Second, it is not clear that Ramirez was actually subjected to an adverse employment action. It is true that Ramirez initially received a medical termination on March 12, 2009. See DUMF 59. However, on January 29, 2009, (prior to the February 4 interactive process meeting) Ramirez requested pay calculations regarding service connected disability retirement. See DUMF 26. Shortly thereafter, on February 5, 2009, (one day after the February 4 meeting) Ramirez applied for service connected disability retirement. See DUMF 33. The County actively supported Ramirez in her attempts to receive disability from MCERA. See DUMF 46. Further, Ramirez made representations to MCERA that she could no longer perform her job. See DUMF's 34, 36, 39. Finally, after MCERA granted Ramirez service connected disability retirement, the County changed Ramirez's medical termination to voluntary retirement. See DUMF 66. Given the time line, and the parties' respective conduct with and representations to MCERA, it appears that Ramirez was actively attempting to obtain disability retirement from MCERA prior to termination. It also appears that Ramirez was not terminated, but instead retired. Without further argument, explanation, or opposition from Ramirez, the Court can only conclude that Ramirez voluntarily retired and did not suffer an adverse employment action.
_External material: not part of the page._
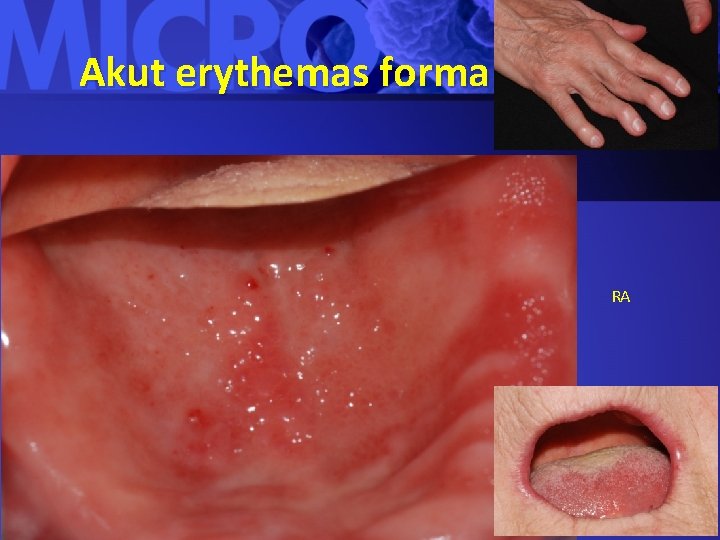 Akut erythemas forma RA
Finally, the Supreme Court has explained that, when "faced with a plaintiff's previous sworn statement asserting 'total disability' or the like, the court should require an explanation of any apparent inconsistency with the necessary elements of an ADA claim." Cleveland v. Policy Mgmt. Sys. Corp., 526 U.S. 795, 807 (1999); Lloyd v. Hardin County, 207 F.3d 1080, 1083 n.3 (8th Cir. 2001). The plaintiff's explanation "must be sufficient to warrant a reasonable juror's concluding that, assuming the truth of, or the plaintiff's good faith belief in, the earlier statement, the plaintiff could nonetheless 'perform the essential functions' of her job, with or without 'reasonable accommodation.'" Cleveland, 526 U.S. at 807; Lloyd, 207 F.3d at 1083 n.3. Here, Ramirez's representations to the Social Security Administration, MCERA, and Standard Insurance Company (all described above) appear to be contrary to Ramirez's contention in this case that she could perform the essential functions of a System Analyst II with accommodation. See DUMF's 34, 35, 36, 42, 44, 69, 71, 75,76, 77, 79, 80, 81. Ramirez has offered no explanation for her apparently inconsistent statements. Without an explanation, Ramirez's prior statements warrant summary judgment. See Cleveland, 536 U.S. at 807; see also Macfarlan v. Ivy Hill SNF, LLC, 675 F.3d 266, 272-73 (3d Cir. 2012) (statements made to disability insurance carrier); Lloyd, 207 F.3d at 1083-84 (statements made to social security administration); Allen v. Pacific Bell, 212 F.Supp.2d 1180, 1195 (C.D. Cal. 2002) (same).

In sum, the uncontradicted evidence indicates that Ramirez is not a "qualified individual" under the ADA, Ramirez voluntarily retired, and Ramirez has made statements regarding her ability to work to the Social Security Administration, MCERA, and Standard Insurance that are inconsistent with her ADA claims in this case. The County has met its summary judgment burden. Without an opposition or response from Ramirez, summary judgment will be granted. Nissan Fire, 210 F.3d at 1103.

ORDER

Accordingly, IT IS HEREBY ORDERED that:

1. Defendant's motion for summary judgment is GRANTED; and

2. The Clerk shall enter judgment in favor of Defendant and CLOSE this case. IT IS SO ORDERED.